*** Opening of Data provided ***

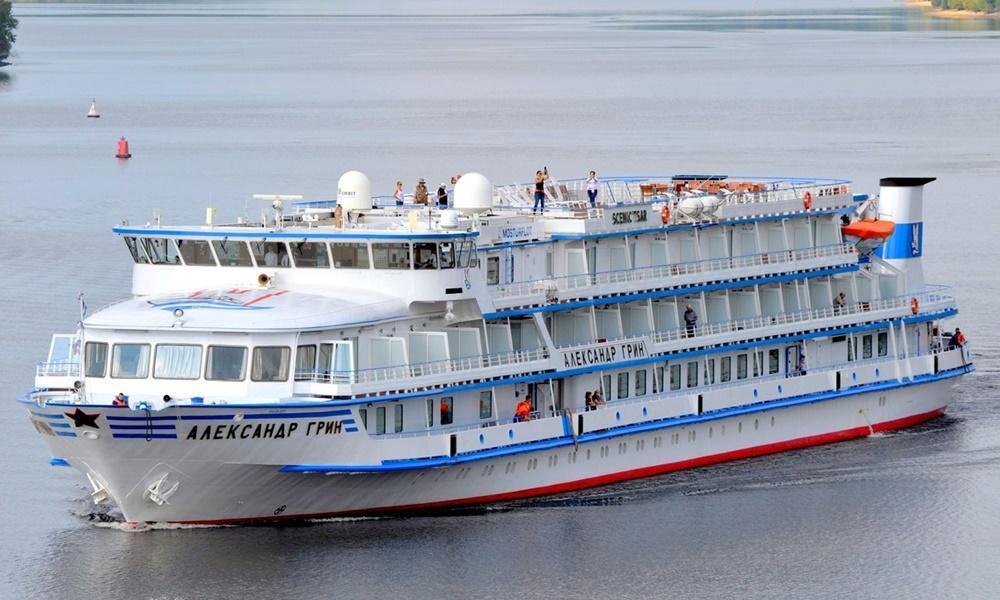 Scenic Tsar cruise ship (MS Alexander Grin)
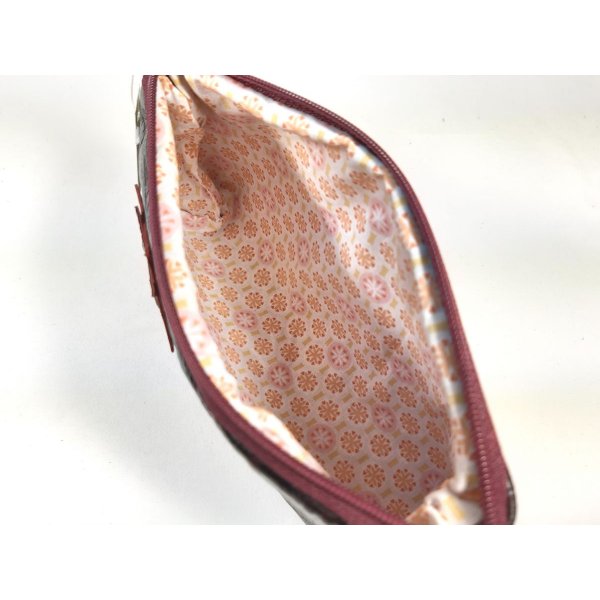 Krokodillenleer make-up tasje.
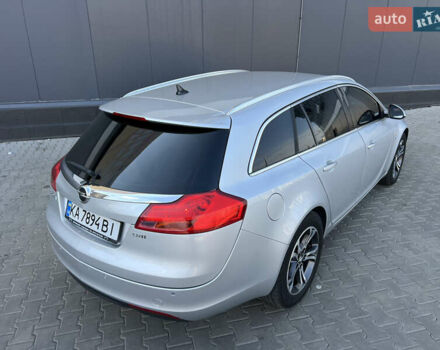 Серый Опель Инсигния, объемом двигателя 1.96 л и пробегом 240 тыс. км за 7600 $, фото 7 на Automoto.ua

*** Close of Data provided ***
*** Opening of Data provided ***

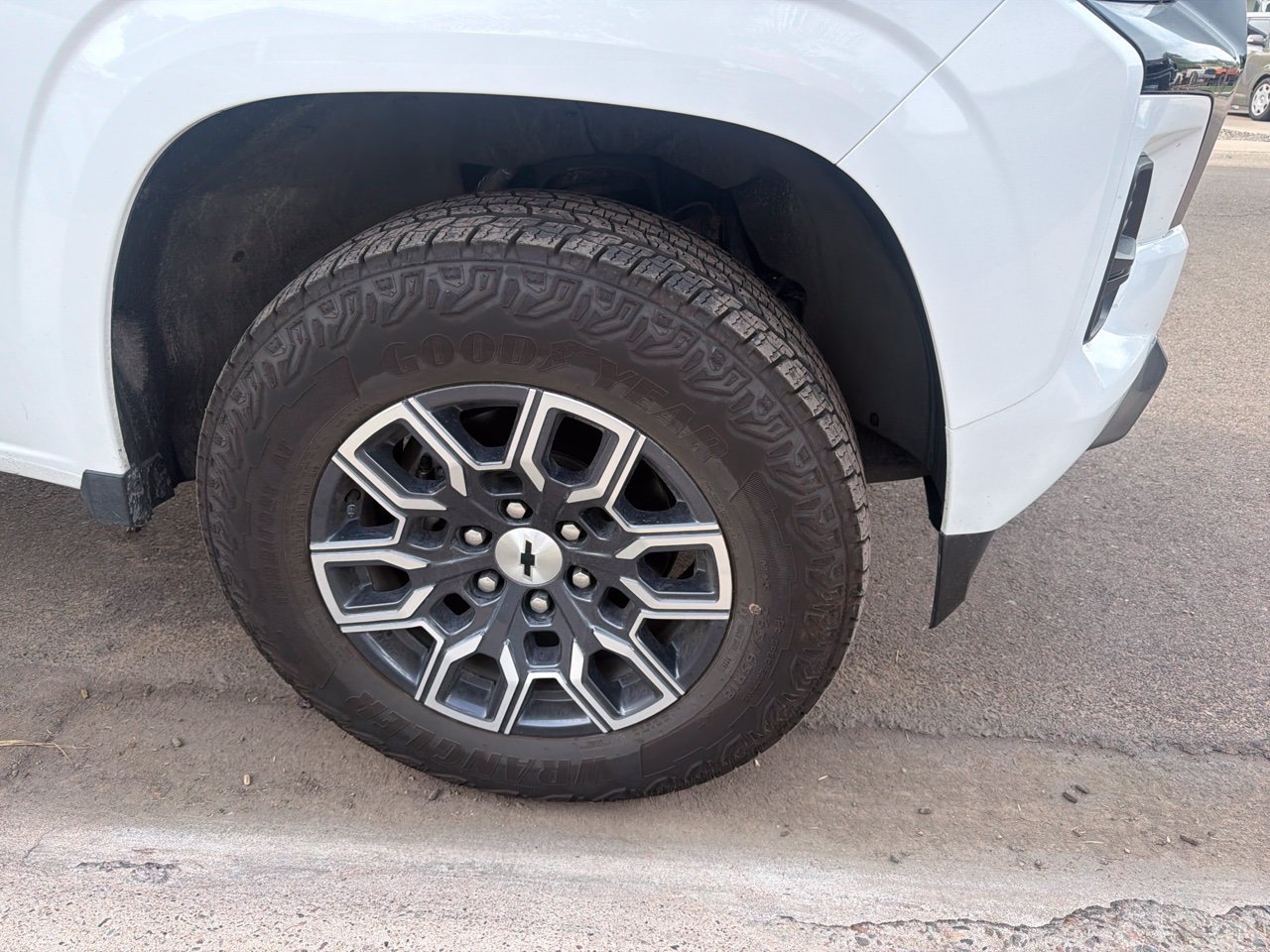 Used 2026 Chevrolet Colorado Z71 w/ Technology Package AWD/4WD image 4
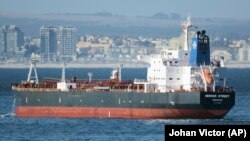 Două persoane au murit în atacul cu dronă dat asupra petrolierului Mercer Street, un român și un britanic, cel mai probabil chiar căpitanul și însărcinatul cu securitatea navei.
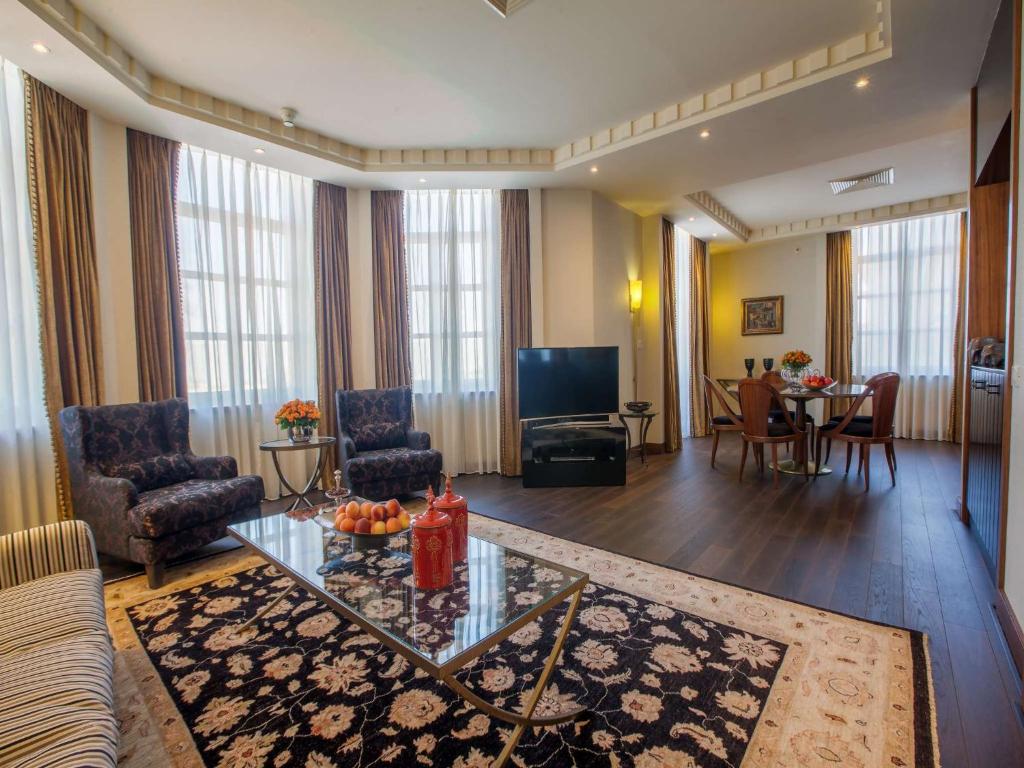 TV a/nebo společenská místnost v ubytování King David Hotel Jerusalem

*** Close of Data provided ***

### Your assignment
Within the listing above, write out the stretch from the line with "Used 2026 Chevrolet" through the line with "TV a/nebo společenská" exactly. Any pictures are to be left out.

### Solved exercise
 Used 2026 Chevrolet Colorado Z71 w/ Technology Package AWD/4WD image 4
 Două persoane au murit în atacul cu dronă dat asupra petrolierului Mercer Street, un român și un britanic, cel mai probabil chiar căpitanul și însărcinatul cu securitatea navei.
 TV a/nebo společenská místnost v ubytování King David Hotel Jerusalem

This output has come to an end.